CHEGA DE MACHADO
Ninguém lê coisa alguma. Salvo Paulo Coelho e mais dois ou três de igual calibre. Exceto estudantes, levados ao cadafalso por seus professores cheios de boas intenções, ninguém lê Machado de Assis. Viva a hipocrisia brasileira. Alguns 'críticos' o fazem.
Anseiam por um clássico nacional. Vibram quando um estrangeiro de ocasião – Woody Allen ou qualquer outro – diz que leu Machado de Assis, por recomendação de um amigo, e adorou. Precisam de uma legitimação pelo avesso. É balela essa história de que Machado de Assis não é conhecido mundialmente por causa da língua portuguesa.

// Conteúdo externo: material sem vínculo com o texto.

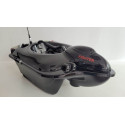 Łódka zanętowa Fighter Pro SN3 Black I Camo FPROBLACK BOATMAN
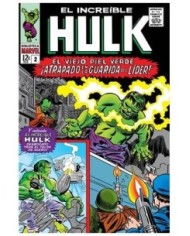 9788411504751 PANINI    BIBLIOTECA MARVEL 20 EL INCREIBLE HULK 02 JACK KIRBY 9788411504751 PANINI    BIBLIOTECA MARVEL 20 EL INCREIBLE HULK 02 JACK KIRBY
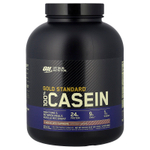 Optimum Nutrition, Gold Standard® 100% Casein, казеин, со вкусом шоколада, 1,8 кг (3,97 фунта)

Qualquer europeu de cultura mediana conhece Fernando Pessoa, mas nunca ouviu falar de Machado de Assis. A literatura russa está aí para provar que língua não é obstáculo. Basta encontrar um tradutor. E compradores.
O ano Machado de Assis terminou com a minissérie da Globo. 'Capitu' pode ser definida com uma palavra: insuportável. Chega de Machado de Assis. Desafio alguém a ler 'Helena' e gostar. O romantismo de Machado de Assis era de uma pieguice estratosférica.
Nunca esquecerei o final de Iaiá Garcia: 'No primeiro aniversário da morte de Luiz Garcia, Iaiá foi com o marido ao cemitério a fim de depositar na sepultura do pai uma coroa de saudades. Outra coroa havia sido ali posta, com uma fita em que Iaiá beijou com ardor a singela dedicatória, como beijaria a madrasta se ela lhe aparecesse naquele instante.
Era a sincera piedade da viúva. Alguma coisa escapa ao naufrágio das ilusões'. Uau! Fiquei marcado pela pompa oca de expressões bregas como 'coroa de saudades', 'singela dedicatória', 'piedade da viúva' e principalmente 'naufrágio das ilusões'. Ironia? Nada disso. Expressões da época? Breguice mesmo. Intemporal.
Nunca mais fui o mesmo depois dessas leituras de segundo grau. Não me recuperei. Sofri essa influência deletéria. Tornei-me brega para sempre. Já pensei em publicar um romance intitulado 'Naufrágio das Ilusões'. Machado de Assis ficou bom quando percebeu o quanto era ruim.
Virou o jogo. Mesmo assim, por mais que tenha feito, à exceção de 'Dom Casmurro' e alguns contos, o restante não passa no teste da leitura espontânea. Até partes de 'Memórias Póstumas de Brás Cubas' e 'Quincas Borba' empacam na peneira do gosto atual.
Abandonem esses livros em bancos do Parcão e vejam se a galera largará tudo para acompanhar a história até o fim. Culpa da incultura atual? Certamente. Literatura é entretenimento. Ou pega o leitor ou não pega. O resto é conversa. Sejamos iconoclastas. Quando eu disse a um professor da USP que Umberto Eco não conhecia Machado de Assis, nosso nacionalista reagiu briosamente: 'Maldade com Machado'.
Coitado. Eu gosto de Machado de Assis. É o que temos de melhor. Mas chega. Basta. Se quiserem me linchar, perspectiva que me parece legítima, posso citar fragmentos das crônicas de Machado de Assis. Se for necessário, atacarei com a sua poesia. Não me provoquem.
Antecipo duas estrofes para esfriar os ânimos mais belicosos: 'Benditos sejam todos os amigos de raízes, verdadeiros./ Porque amigos são herdeiros da real sagacidade./ Ter amigos é a melhor cumplicidade!/ Há pessoas que choram por saber que as rosas têm espinho./ Há outras que sorriem por saber que os espinhos têm rosas!'.